▶ _RECORDS TO PROCESS_:
◇ ◇ ◇ ◇ ◇ ◇ ◇
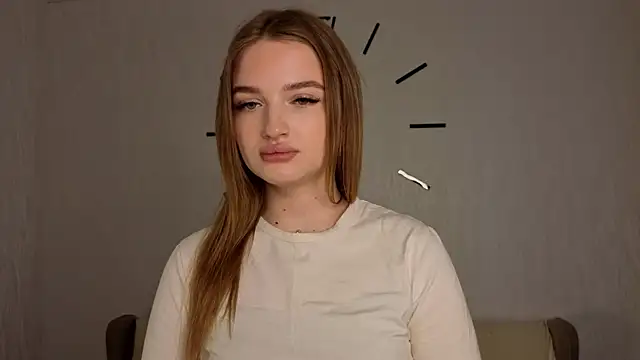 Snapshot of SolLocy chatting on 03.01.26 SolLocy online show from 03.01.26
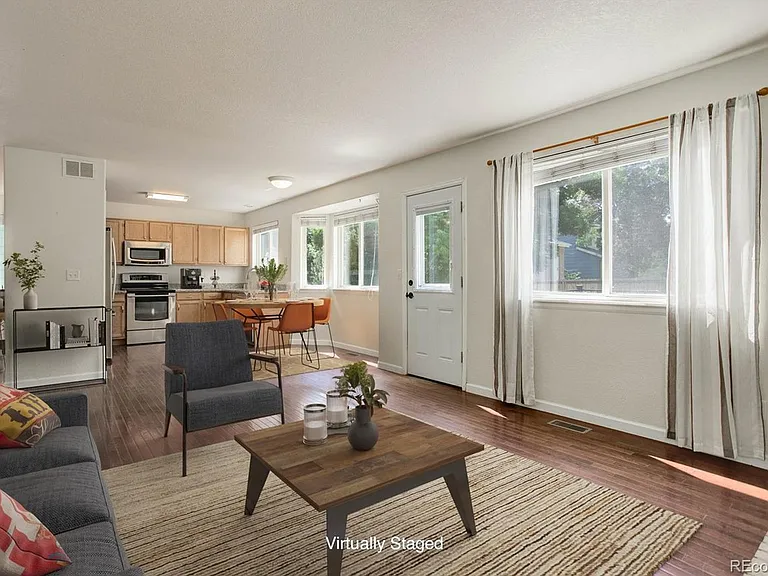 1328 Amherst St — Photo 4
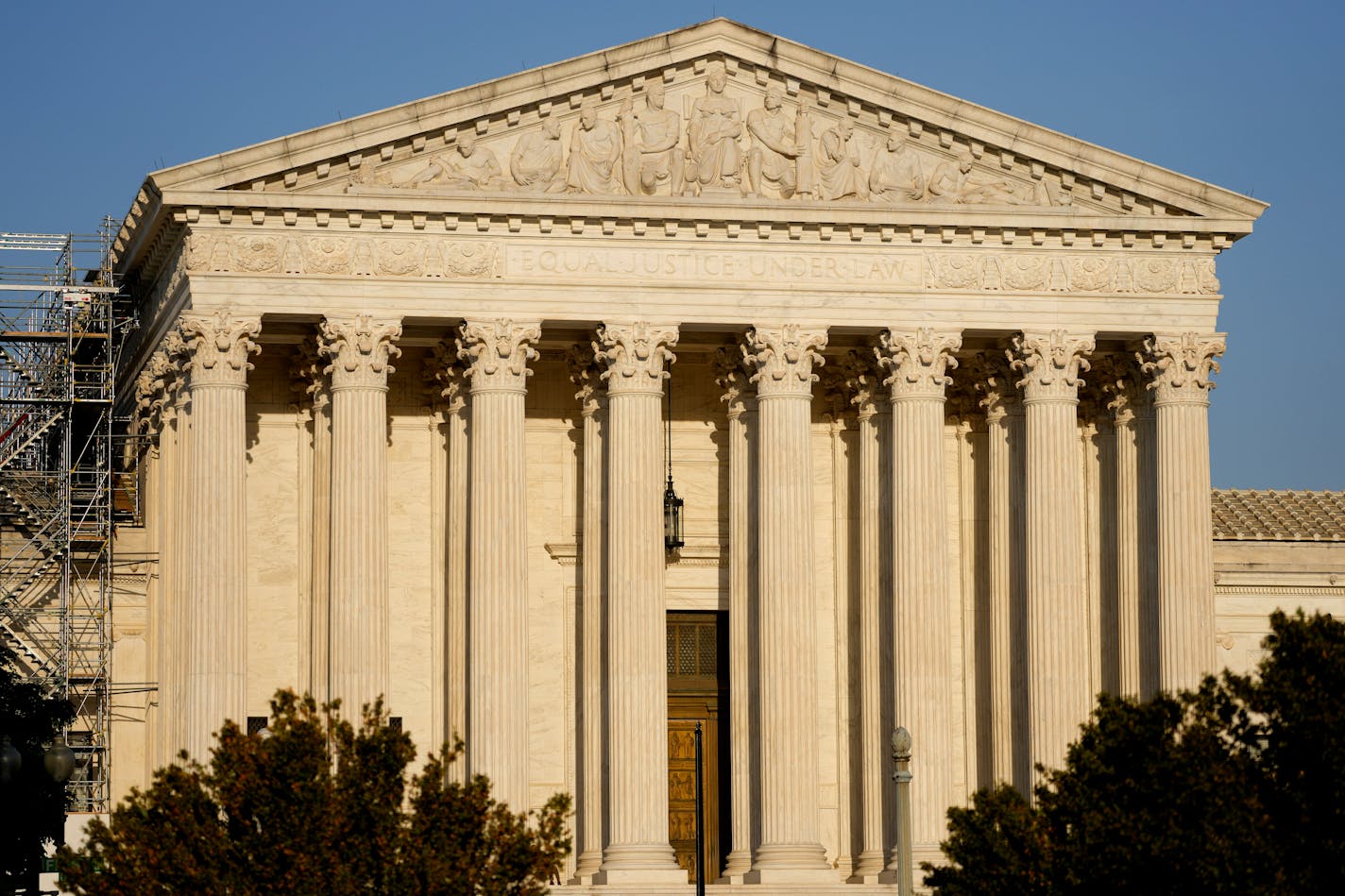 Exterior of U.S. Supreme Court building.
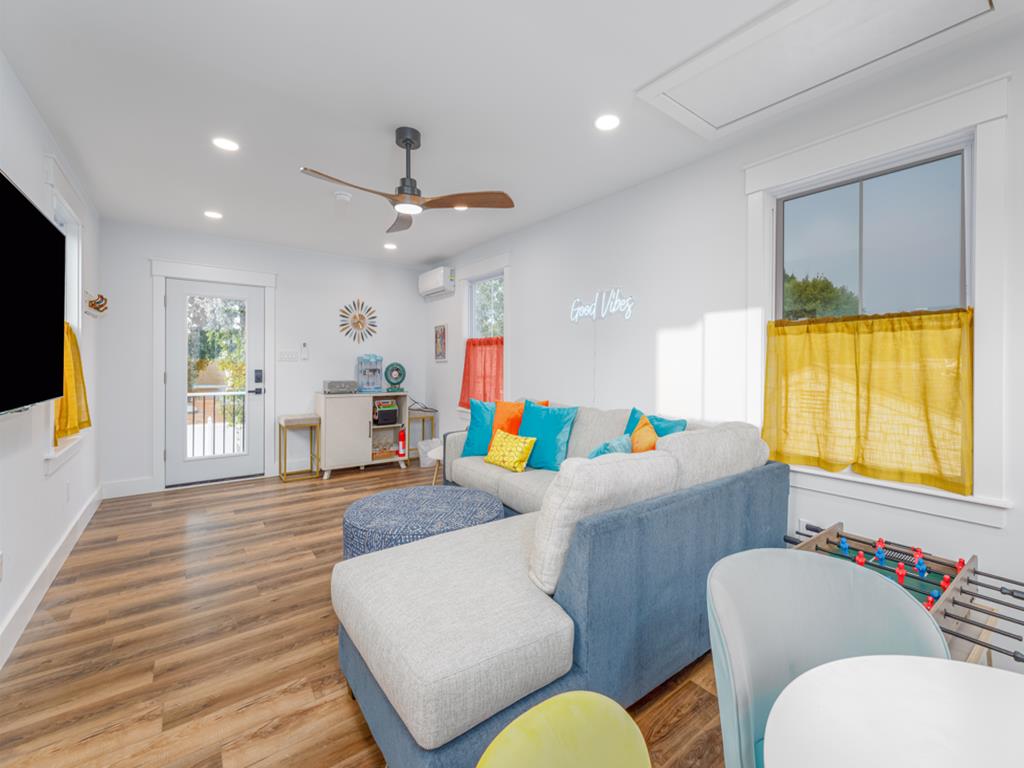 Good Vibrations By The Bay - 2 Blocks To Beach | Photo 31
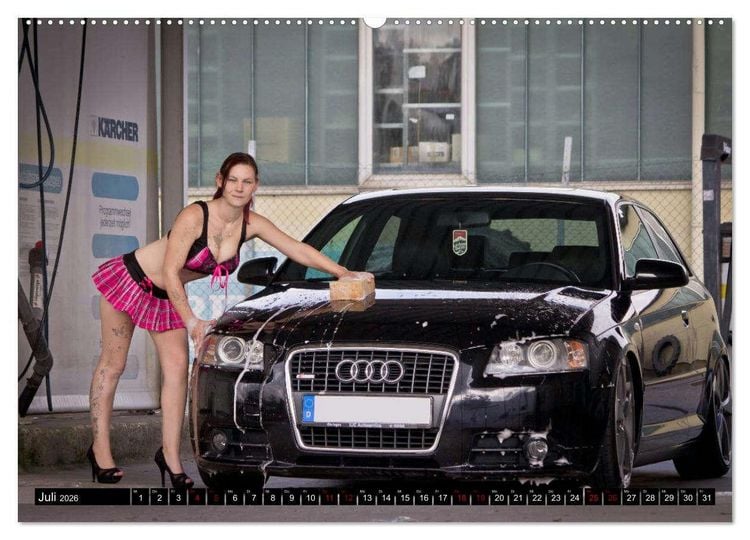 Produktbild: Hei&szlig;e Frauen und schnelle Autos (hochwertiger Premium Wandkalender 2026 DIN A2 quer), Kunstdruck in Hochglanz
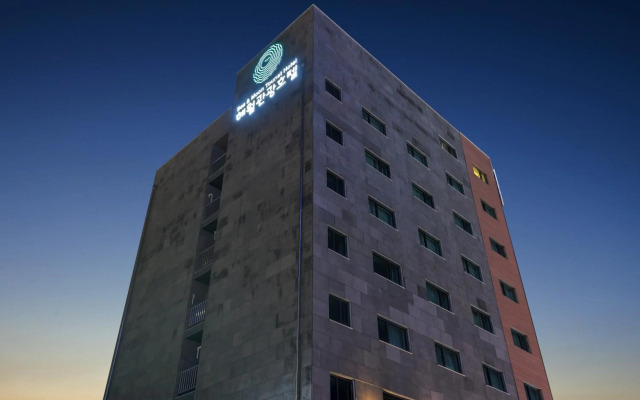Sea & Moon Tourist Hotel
◇ ◇ ◇ ◇ ◇ ◇ ◇
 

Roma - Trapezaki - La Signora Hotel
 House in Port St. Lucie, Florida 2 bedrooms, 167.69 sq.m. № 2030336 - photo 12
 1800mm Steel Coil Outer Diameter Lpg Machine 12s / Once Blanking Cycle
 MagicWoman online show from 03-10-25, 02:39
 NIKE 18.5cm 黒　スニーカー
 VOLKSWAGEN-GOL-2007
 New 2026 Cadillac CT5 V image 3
◇ ◇ ◇ ◇ ◇ ◇ ◇
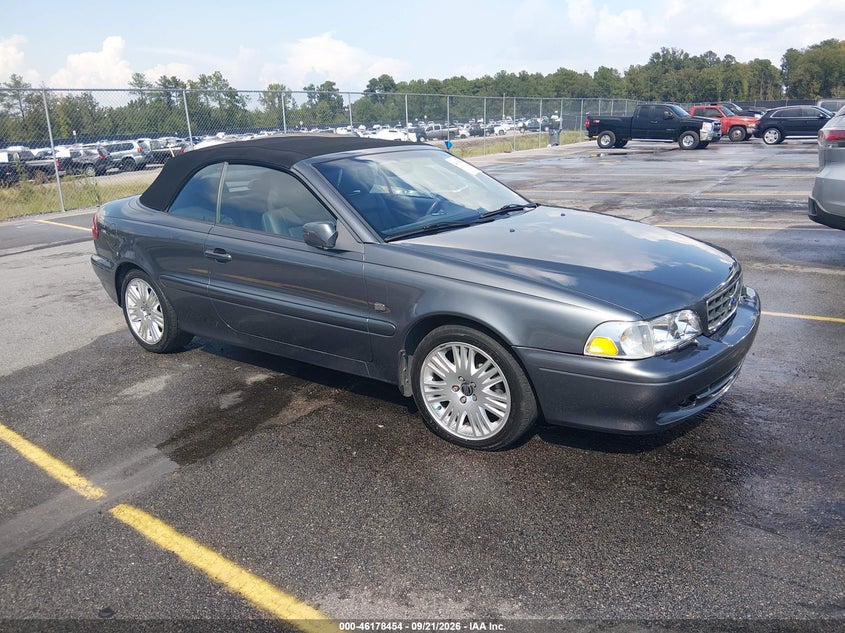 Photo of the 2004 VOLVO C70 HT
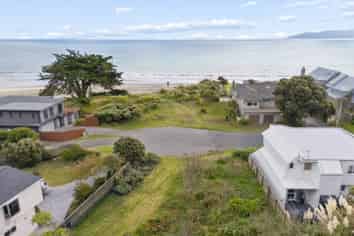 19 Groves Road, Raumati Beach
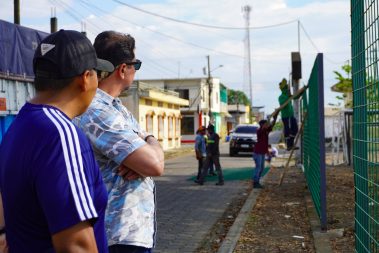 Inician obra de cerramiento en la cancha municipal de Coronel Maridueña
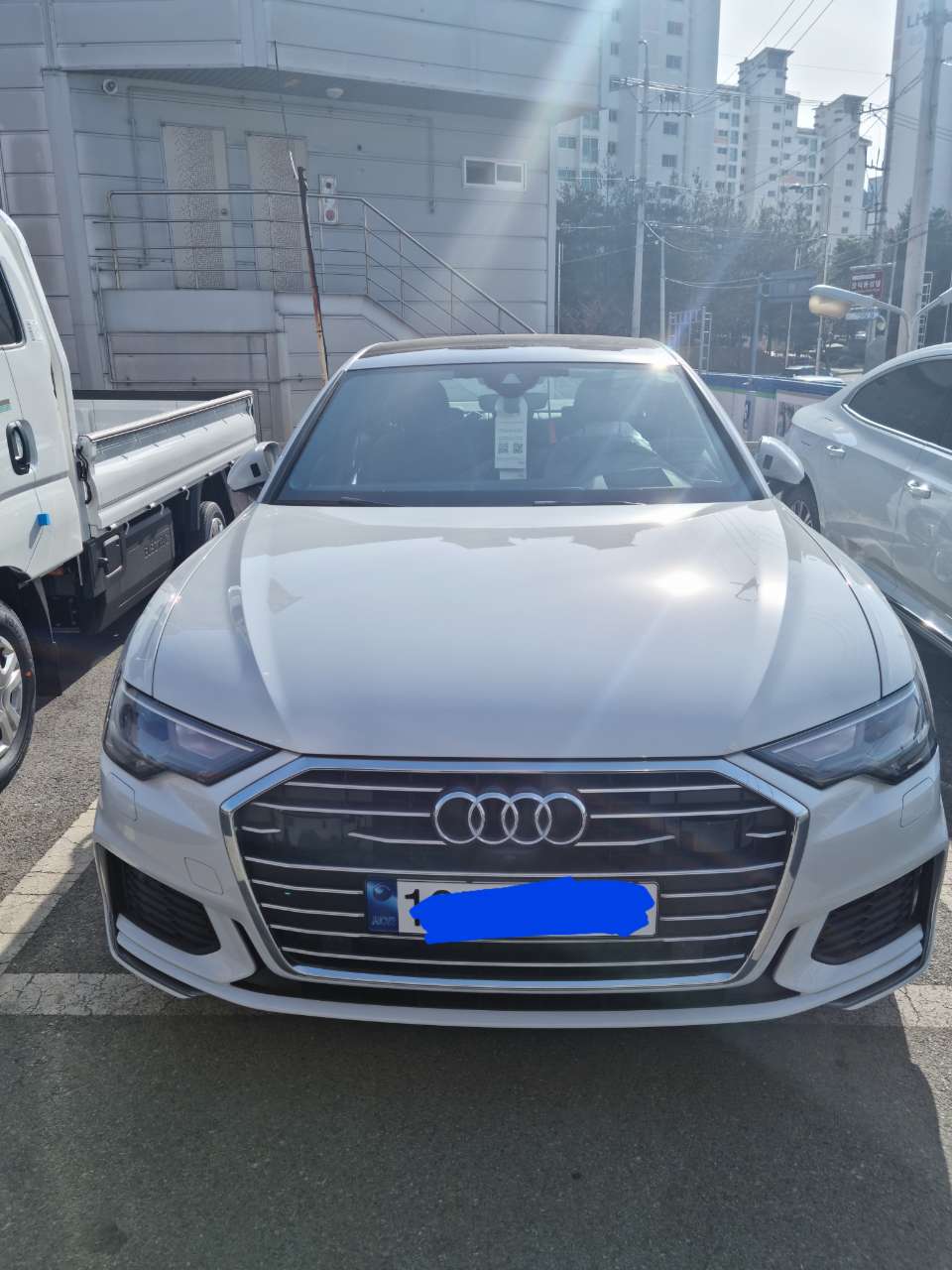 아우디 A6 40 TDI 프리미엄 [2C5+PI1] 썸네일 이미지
◇ ◇ ◇ ◇ ◇ ◇ ◇
▶ _EXERCISE AIM_: Your answer must be everything above from the line with "1328 Amherst St — Photo 4" down to the line with "Sea & Moon Tourist Hotel", word for word, and no pictures.

▶ _ANSWER SPACE_:
 1328 Amherst St — Photo 4
 Exterior of U.S. Supreme Court building.
 Good Vibrations By The Bay - 2 Blocks To Beach | Photo 31
 Produktbild: Hei&szlig;e Frauen und schnelle Autos (hochwertiger Premium Wandkalender 2026 DIN A2 quer), Kunstdruck in Hochglanz
Sea & Moon Tourist Hotel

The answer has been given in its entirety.